**Exercise objective:** The reply must repeat each entry exactly and contain no pictures.

━━━━━ Information given

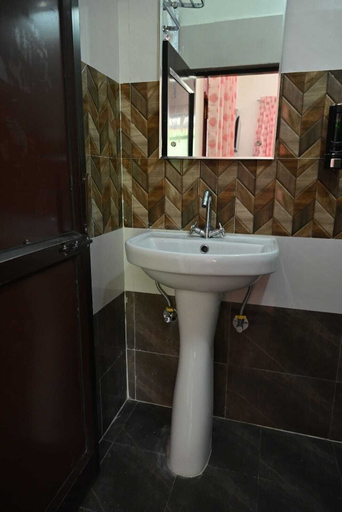 Bathroom, Akansha The Lake View, Nainital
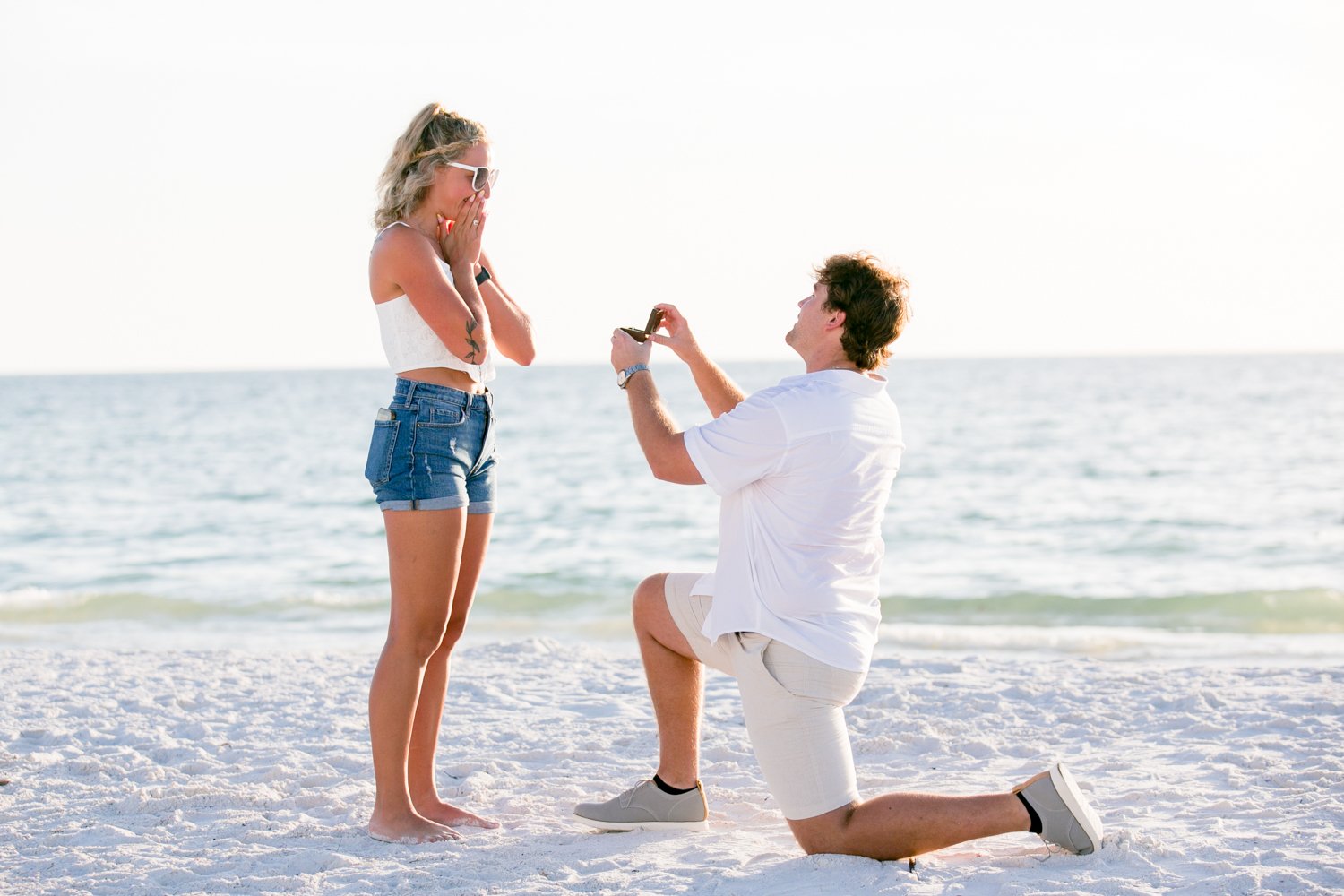 surprise-proposal-photographer-clearwater-beach-Carrie-Wildes-Photography-hayden-casey002.jpg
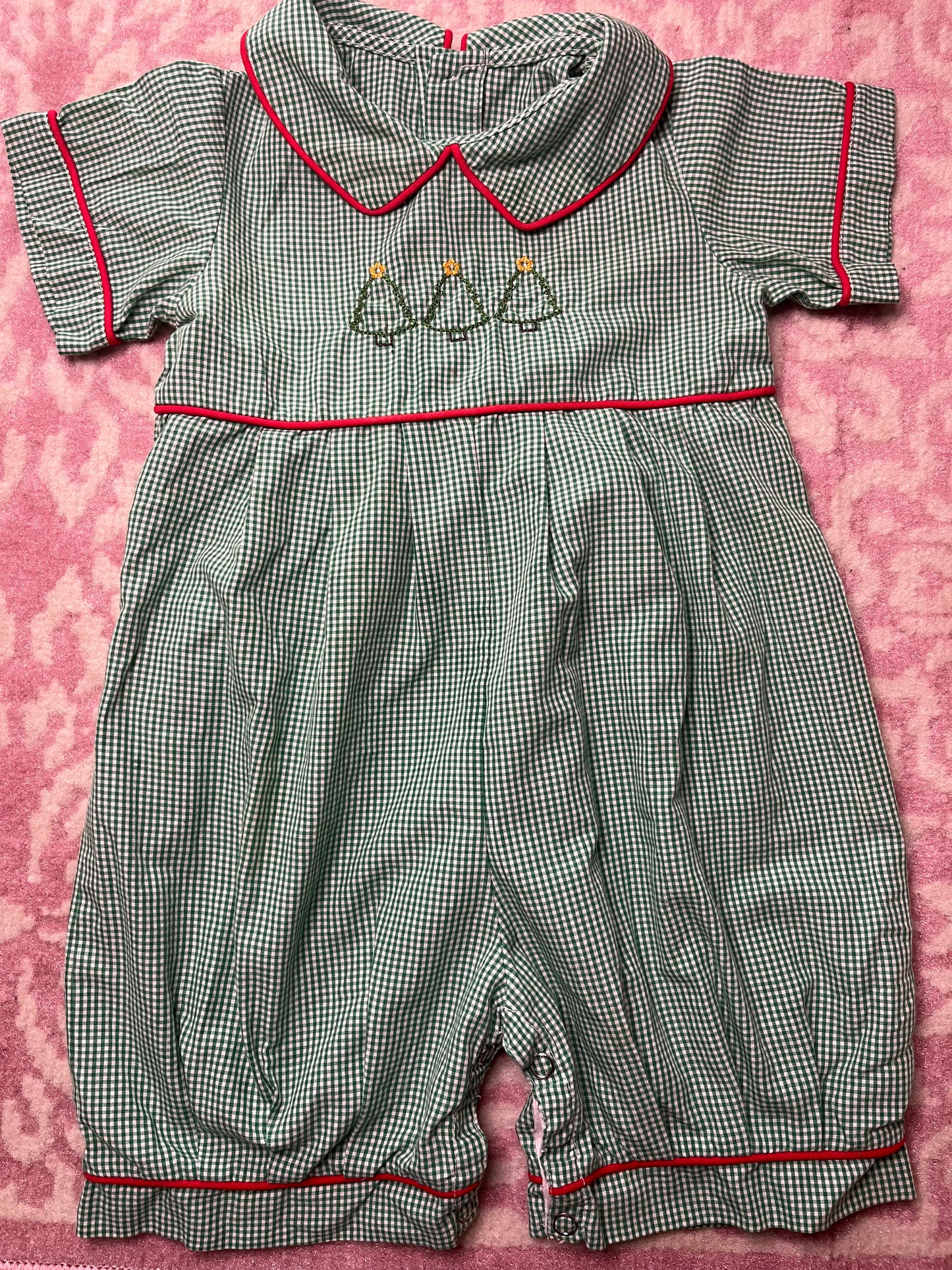 Sz 18M Remember Nguyen Christmas Trio Shortall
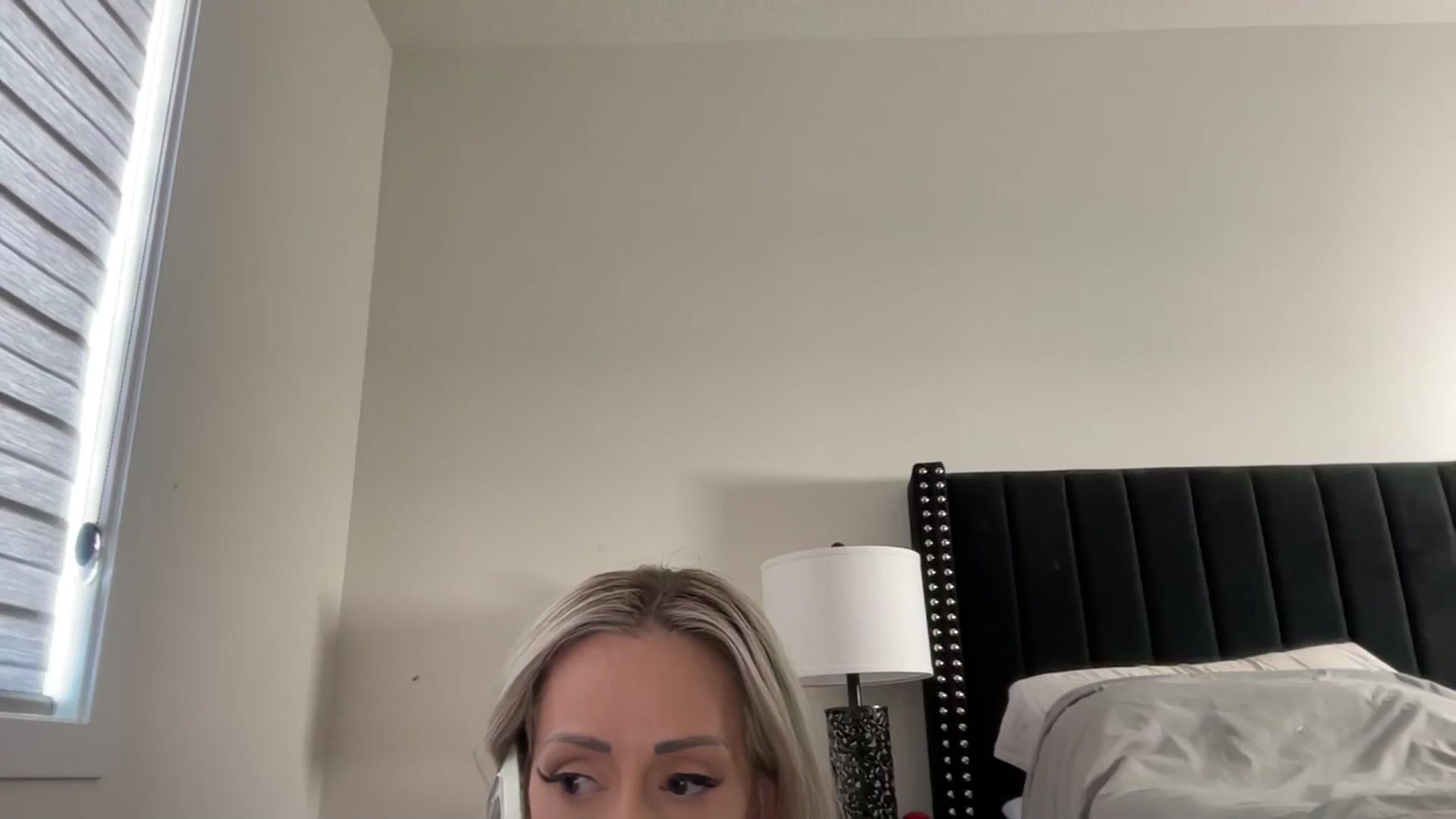 Gallery image thumbnail from Heidi_Wow's myfreecams stream on, 02/23/2026, 20:25 image 16 of 20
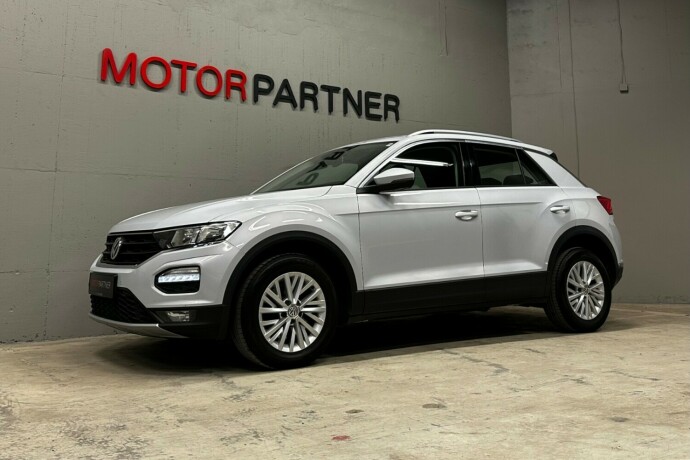 volkswagen-t-roc-bensin-2018-big-0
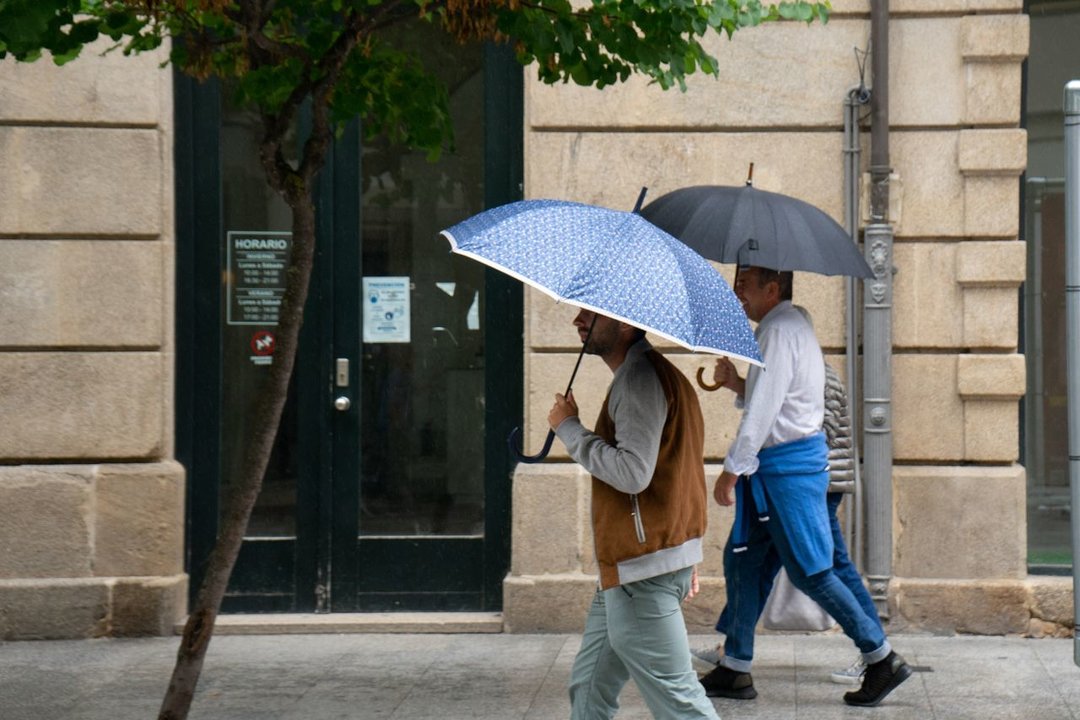 OURENSE 16/08/2022. La ciudad abre la segunda quincena de agosto con una suave lluvia, acompañada de una bajada de temperaturas, que nos acompañará hasta el miércoles. Miguel Sambréijome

━━━━━━━━━━

**Task solution:**
 Bathroom, Akansha The Lake View, Nainital
 surprise-proposal-photographer-clearwater-beach-Carrie-Wildes-Photography-hayden-casey002.jpg
 Sz 18M Remember Nguyen Christmas Trio Shortall
 Gallery image thumbnail from Heidi_Wow's myfreecams stream on, 02/23/2026, 20:25 image 16 of 20
 volkswagen-t-roc-bensin-2018-big-0
 OURENSE 16/08/2022. La ciudad abre la segunda quincena de agosto con una suave lluvia, acompañada de una bajada de temperaturas, que nos acompañará hasta el miércoles. Miguel Sambréijome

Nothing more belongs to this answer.